### EXERCISE AIM
Scan the records below for the line with "Typical Bordeaux architecture" and the line with "Cute family matching". Repeat those two lines and every line between them exactly, and nothing else.

----------------

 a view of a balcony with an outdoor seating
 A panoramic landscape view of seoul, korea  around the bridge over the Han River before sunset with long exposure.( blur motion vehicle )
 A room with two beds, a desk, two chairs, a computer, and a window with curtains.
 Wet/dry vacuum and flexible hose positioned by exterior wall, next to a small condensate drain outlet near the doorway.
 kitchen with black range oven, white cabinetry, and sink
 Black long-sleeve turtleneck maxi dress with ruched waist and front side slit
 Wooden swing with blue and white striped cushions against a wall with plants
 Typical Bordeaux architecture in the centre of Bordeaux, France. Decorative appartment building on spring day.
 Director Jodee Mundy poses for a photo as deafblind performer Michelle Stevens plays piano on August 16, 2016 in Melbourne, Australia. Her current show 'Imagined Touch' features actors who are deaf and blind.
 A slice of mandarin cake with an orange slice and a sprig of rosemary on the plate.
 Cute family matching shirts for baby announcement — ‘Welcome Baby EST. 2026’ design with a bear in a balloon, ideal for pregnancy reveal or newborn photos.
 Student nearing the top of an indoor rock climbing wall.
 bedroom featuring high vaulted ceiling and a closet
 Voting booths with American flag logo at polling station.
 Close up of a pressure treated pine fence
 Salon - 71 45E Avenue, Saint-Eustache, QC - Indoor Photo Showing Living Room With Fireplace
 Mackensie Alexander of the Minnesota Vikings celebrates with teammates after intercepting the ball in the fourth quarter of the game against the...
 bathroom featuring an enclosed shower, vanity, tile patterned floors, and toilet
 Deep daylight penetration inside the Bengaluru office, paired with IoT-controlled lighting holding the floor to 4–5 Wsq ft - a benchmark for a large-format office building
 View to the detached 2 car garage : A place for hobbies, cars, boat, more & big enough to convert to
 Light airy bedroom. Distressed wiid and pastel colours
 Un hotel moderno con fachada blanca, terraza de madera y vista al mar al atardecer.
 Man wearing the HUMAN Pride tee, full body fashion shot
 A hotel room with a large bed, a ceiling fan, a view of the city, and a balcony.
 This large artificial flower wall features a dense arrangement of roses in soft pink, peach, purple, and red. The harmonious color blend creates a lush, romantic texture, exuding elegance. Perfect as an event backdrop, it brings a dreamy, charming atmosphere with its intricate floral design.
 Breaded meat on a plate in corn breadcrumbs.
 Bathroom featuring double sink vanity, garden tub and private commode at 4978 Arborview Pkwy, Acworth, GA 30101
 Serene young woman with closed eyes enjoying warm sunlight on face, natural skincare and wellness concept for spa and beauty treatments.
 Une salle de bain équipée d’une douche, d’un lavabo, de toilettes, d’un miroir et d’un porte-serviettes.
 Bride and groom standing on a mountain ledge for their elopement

----------------

### SOLVED EXERCISE
 Typical Bordeaux architecture in the centre of Bordeaux, France. Decorative appartment building on spring day.
 Director Jodee Mundy poses for a photo as deafblind performer Michelle Stevens plays piano on August 16, 2016 in Melbourne, Australia. Her current show 'Imagined Touch' features actors who are deaf and blind.
 A slice of mandarin cake with an orange slice and a sprig of rosemary on the plate.
 Cute family matching shirts for baby announcement — ‘Welcome Baby EST. 2026’ design with a bear in a balloon, ideal for pregnancy reveal or newborn photos.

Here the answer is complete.